A large chunk of the money in pension funds was tied to the stock market. But unlike Pauline, the funds haven't been rescued by a hero. A major upturn in stock prices certainly would help.
Yet the funding shortfalls are not a big threat for most of the 34 million retirees or employees in the United States covered by traditional "defined-benefit" pensions. These plans are insured by the Pension Benefit Guarantee Corp. (PBGC) should their firms go bankrupt. The government agency covers pensions, up to a limit $42,954 per year for a 65-year-old worker retiring this year.
"Thank God!" says Alicia Munnell, a pension expert at Boston College. "The PBGC is going to be sorely tested in the years ahead."
So far, the PBGC is in good financial shape. As of June 30, it had a surplus, measured on an actuarial basis, of $4.8 billion. That's down from $9.7 billion at the end of fiscal 2000. This surplus is likely to shrink further with the current wave of corporate bankruptcies. The agency was paying the pensions of 268,000 retirees at the end of fiscal 2001. By now, that number has probably risen to close to 400,000.
Nonetheless, the PBGC has enough cash to pay benefits for "the foreseeable future," says spokesman Jeffrey Speicher.
The 1990s boom helped the PBGC move into the black six years ago. Before then, it had operated in the red for 22 years, using premiums paid by firms for pension insurance plus any assets on hand to cover benefits.
For some big companies, the underfunding of pensions presents other problems. Last month, Standard & Poor's downgraded debt issued by General Motors to BBB, a grade just two notches above junk status. A major reason for this humiliation was that GM's pension underfunding is expected to rise to more than $21 billion at the end of the year, up from $9 billion last year.
That's happening despite a $2.2 billion injection by GM into its $67 billion pension fund this year. That additional cash equates to more than $400 per car sold this year. That's money that can't be invested into new models or paid in dividends.
Somewhat less underfunded are the pension plans of the other big American auto companies Ford and Chrysler.
IBM is also underfunded. In announcing third-quarter earnings, it said it would add $1.5 billion annually over the next three years to fully fund its pension plan by 2005. That represents about 20 percent of IBM's free cash flow in the past four quarters.

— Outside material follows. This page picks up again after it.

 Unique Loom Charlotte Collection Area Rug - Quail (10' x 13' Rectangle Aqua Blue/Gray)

"Ouch!" exclaims Mr. Kasriel. "Less left over for Big Blue to use for stock buybacks."
During the stock-market boom of the 1990s, many companies were able to add the excess funding in their pension funds to operating earnings. Though the money had to be actually left in the pension fund, it made the books look good.

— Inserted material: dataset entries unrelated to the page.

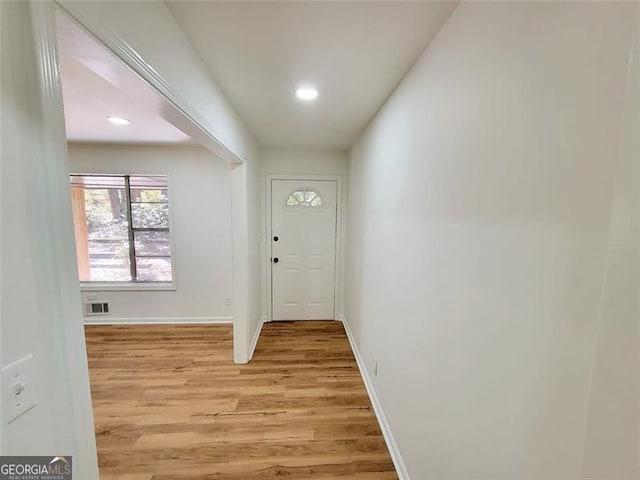 entryway with light wood-type flooring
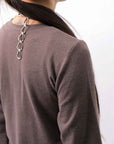 【studio b3】 UNISEX COTTON KNIT ASYMMETRIC HEM TOP SHB2235_TRUFFLE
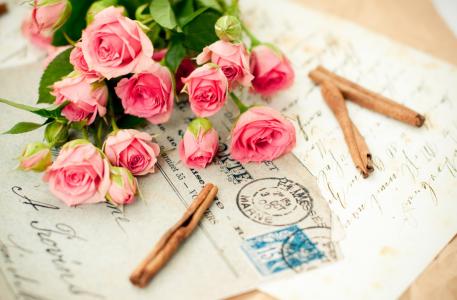 鲜花，玫瑰，花束，信件，回忆，浪漫，爱情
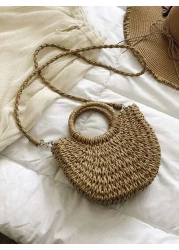 Yogodlns حقيبة كروس بودي محاكة من القش مزينة باللآليء والورد اليدوية حقيبة يد صغيرة عصرية للصيف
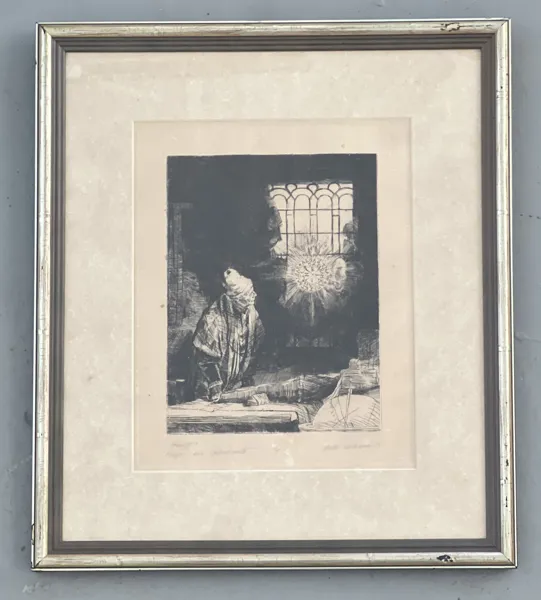 REMBRANDT. Efter "Faust", etsning, signerad.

Because of today's low interest rates, stock-market blues, and funding rules, many firms now will have to trim the projected earnings rate of their pension funds, often about 9 percent. That will compound the underfunding problem.
There are incentives to keep up pension funding when possible. If a company's plan is less than 90 percent funded for two of the past three years, it must pay the PBGC an extra annual premium of $9 for every $1,000 of underfunding. And it must inform employees of the underfunding.
Over the past 15 years, defined-benefit pension plans have declined in importance. There were 112,000 such plans in 1985 and only 35,000 last year. The drop is attributed to more and more companies switching to cheaper, defined-contribution plans, like 401(k)s. With these plans, the employee takes the investment risk, not the company. The assets in these plans are portable. An employee switching jobs can take them along if he or she does the paperwork. But they are not insured.
With stock prices down, and Republican plans to privatize Social Security on hold, some Americans are concerned about the security of their retirement nest eggs.
Paul Weinstein, an economist at the Progressive Policy Institute in Washington, is promoting a universal pension plan to help the 50 percent of Americans with no pension aside from Social Security. It would be subsidized by government and simplify the present complex system. A few key Democrats have taken up the idea, introducing legislation, even using it on the campaign trail. But it's a long way from reality.